Las sanciones adoptadas por EEUU en los últimos meses se alejan cada vez más de este patrón. Como hemos visto, la centralidad estadounidense en el sistema financiero internacional otorga a sus medidas una enorme fuerza. Pero esto no es suficiente si son cada vez más unilaterales, más aleatorias, menos ligadas a objetivos políticos concretos o más descarnadamente punitivas. Contra lo que parecen creer algunos, las sanciones no consisten en crear incertidumbre en los actores políticos y económicos. Muy al contrario, consisten en garantizarles que sus expectativas disminuirán drásticamente si la política de su gobierno no cambia.
Pero es la combinación de unilateralidad y extraterritorialidad lo que empieza a crear preocupación, no ya entre los socios y aliados directamente perjudicados, sino en medios financieros de EEUU. La hegemonía norteamericana ha conseguido lo que ningún poder imperial había obtenido antes: la adhesión de una parte considerable de la comunidad internacional y la aceptación, más o menos voluntaria, del resto, al orden global establecido. El dólar, como divisa de referencia, es una de las claves de ese orden. Ha concedido durante décadas a EEUU lo que Valéry Giscard d’Estaing llamó el “privilegio exorbitante”. Pagar tus compras en la moneda que fabricas, o que el resto del mundo financie tu déficit en tu propia moneda es, en efecto, un enorme privilegio. Ha sido aceptado porque Washington, salvo en muy contadas ocasiones, ha hecho uso de él con mesura, responsabilidad, y en muchos casos para beneficio general.

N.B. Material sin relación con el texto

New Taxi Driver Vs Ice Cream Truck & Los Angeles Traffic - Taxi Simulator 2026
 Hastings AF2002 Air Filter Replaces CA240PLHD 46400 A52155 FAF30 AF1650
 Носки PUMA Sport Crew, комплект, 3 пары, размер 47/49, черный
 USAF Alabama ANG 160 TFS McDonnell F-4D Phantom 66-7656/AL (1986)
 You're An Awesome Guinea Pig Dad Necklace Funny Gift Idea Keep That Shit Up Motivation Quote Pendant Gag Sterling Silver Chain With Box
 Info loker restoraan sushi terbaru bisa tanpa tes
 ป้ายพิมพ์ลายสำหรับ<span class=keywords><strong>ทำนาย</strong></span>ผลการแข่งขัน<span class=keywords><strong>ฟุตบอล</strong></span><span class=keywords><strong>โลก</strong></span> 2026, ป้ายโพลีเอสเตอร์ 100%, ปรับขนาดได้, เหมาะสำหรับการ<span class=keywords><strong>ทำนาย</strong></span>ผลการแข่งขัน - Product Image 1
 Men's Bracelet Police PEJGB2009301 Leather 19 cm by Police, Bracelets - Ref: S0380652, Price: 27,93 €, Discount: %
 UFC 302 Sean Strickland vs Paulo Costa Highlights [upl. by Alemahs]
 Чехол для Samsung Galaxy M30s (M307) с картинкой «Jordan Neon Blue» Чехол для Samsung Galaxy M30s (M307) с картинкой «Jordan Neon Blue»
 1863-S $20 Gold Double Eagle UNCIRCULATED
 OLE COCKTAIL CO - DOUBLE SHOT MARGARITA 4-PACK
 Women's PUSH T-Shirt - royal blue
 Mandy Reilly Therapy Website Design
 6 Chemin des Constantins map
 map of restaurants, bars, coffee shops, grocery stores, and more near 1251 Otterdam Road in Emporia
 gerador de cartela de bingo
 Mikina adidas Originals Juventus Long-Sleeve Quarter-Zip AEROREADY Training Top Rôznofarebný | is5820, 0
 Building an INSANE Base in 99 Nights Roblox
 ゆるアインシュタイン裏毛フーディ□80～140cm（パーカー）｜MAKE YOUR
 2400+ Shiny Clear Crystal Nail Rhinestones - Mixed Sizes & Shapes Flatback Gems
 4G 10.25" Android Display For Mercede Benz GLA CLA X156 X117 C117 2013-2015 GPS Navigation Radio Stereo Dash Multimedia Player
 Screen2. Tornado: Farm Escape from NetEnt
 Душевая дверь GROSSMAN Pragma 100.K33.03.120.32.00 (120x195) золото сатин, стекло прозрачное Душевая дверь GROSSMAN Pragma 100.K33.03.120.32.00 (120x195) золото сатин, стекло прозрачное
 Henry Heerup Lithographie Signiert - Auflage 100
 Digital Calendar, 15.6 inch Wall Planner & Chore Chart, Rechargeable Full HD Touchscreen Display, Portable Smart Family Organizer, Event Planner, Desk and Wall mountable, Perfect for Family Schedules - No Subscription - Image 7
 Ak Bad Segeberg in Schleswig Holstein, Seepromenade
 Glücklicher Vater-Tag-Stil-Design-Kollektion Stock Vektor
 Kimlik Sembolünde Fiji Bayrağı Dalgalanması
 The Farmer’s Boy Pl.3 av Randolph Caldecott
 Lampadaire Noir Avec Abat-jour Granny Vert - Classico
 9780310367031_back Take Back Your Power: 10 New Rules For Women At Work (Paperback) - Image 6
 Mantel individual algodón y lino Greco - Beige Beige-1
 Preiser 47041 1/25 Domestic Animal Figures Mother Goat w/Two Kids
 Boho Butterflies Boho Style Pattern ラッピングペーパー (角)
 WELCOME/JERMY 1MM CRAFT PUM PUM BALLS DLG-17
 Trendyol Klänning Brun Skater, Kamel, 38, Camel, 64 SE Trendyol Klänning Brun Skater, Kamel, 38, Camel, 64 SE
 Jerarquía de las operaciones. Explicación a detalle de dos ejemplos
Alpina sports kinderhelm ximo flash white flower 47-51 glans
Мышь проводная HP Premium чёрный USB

No puede entenderse el crecimiento económico de las últimas décadas sin la apertura extrema del mercado estadounidense al comercio global. Pero cuando ese privilegio perjudica los intereses económicos de socios y aliados o, incluso, su seguridad nacional, algunos empiezan a preguntarse si no habría que cambiar ese estado de cosas –el último en hacerlo, el ministro alemán de Asuntos Exteriores, Heiko Maas, en Handelsblatt hace unos días–. Pero más relevante y transformador será cuando muchos estadounidenses empiecen a preguntarse si el interés nacional no reside más en mantener esa situación de privilegio que en sacar adelante objetivos de política exterior parciales, no siempre bien definidos, y que sirven intereses particulares, cuando no ajenos.